The snow took four days to go away. We expected it to disappear by the next day. Our neighbor who has lived here his entire life said that he's never seen anything like it - a full foot of snow in twenty-four hours in early October. He asked real old-timers who were the age he is now when he was born and they echoed that. This snowfall was a real anomaly. Our farmer neighbor with acres of beans drying on the ground didn't appreciate it - set him back quite a bit. Now he's trying to squeeze in bean harvesting and sugar beet harvesting at the same time. He's not happy.
But the snow *is* gone for now. It will be back soon - likely on Halloween night while we're trick-or-treating - but we're enjoying the beautiful fall weather while we can.

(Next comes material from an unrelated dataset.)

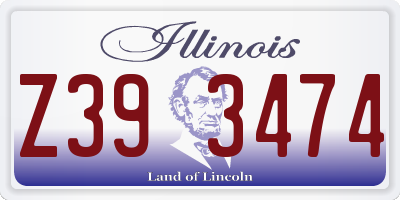 IL license plate Z393474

Want to see some cute kitten pictures? I've got some cute kitten pictures.
How about this one?
I put the kittens outside at night as soon as they could take it. I put them in a rabbit pen we have that I nestled in the bush that they'd been born in. During the day we came out to feed them. I wanted them to start to associate with the other cats and have a better chance of becoming barn cats.
I called the other cats (Ghandi and Aradia) over when I put out a bowl of goat milk for them. I expected Ghandi and Aradia to hog the milk, but I wanted them to associate with the kittens and maybe, just maybe, the kittens would learn a thing or two from these great mousers.
The adult cats exceeded my expectations. Look at Ghandi, sitting there, so mellow. 'Course he had a reason to be mellow - he'd just come out of my catnip bush. He probably just hadn't hit the hungry phase yet.
He's been great with them. He lets them play with his tail but knocks them down when they cross the line. He's been wonderful for teaching them cat manners.
He finally took his turn when they were done.
Aradia - their grandmother - is the best mouser on our place. Hannah and I once saw her go after two teenaged mice in the grain bin. She caught one in her mouth, ran to the other one, threw the first one in the air, grabbed the second one, caught the first one as it came down, shoved it in her mouth also and walked out of the bin with two heads on one side of her mouth and two tails hanging out the other end. I've never seen anything like it. Desiree, who had just had these kittens, met her mother about twenty feet outside of the grain bin. Aradia dropped one of the mice for her and walked off with the other one.
Aradia's generous that way. I never knew just how *mothering* she was, though. She's taken on these kittens.
Not that they always appreciate it.
But she insists on cleanliness if they're to have the perks.
And the perks from her are worth having. Once, while my camera was misplaced, I walked out to hang laundry and found Aradia standing guard over a mouse that wanted very badly to get away from three curious kittens. She'd brought it to them and was letting them play with it and then eat it. How did I get so lucky? Fantastic cat. They will undoubtedly learn skills from her if they pay attention.
Then there's her mother love. I've snuck around from the garage one day just to get this picture:
A few days later, I heard a funny mewling noise while hanging laundry and looked over to see Toulouse nursing on Aradia.
Why would he be nursing on his grandmother? Because she's in milk because she has these five babies in the shed and, amazingly, she was amenable to letting the orphaned kittens nurse.
When she saw me go in to see her new babies, she ran after me and ordered me out. That's her "you're in my space" look. I left.
Those kittens are much bigger now. I should get new pictures. They're running around - or trying to. They're the equivalent of toddlers just learning to run. My orphan kittens are like annoyed older siblings. I've seen Marie turn around and say "Go away" (accompanied by a stern paw slap) and then look at me as if to say "MooooOOOM, he won't leave me alone!"
I really enjoy having the babies around, but I don't think I enjoy it as much as Ainsley.
Nobody enjoys them quite as much as Ainsley.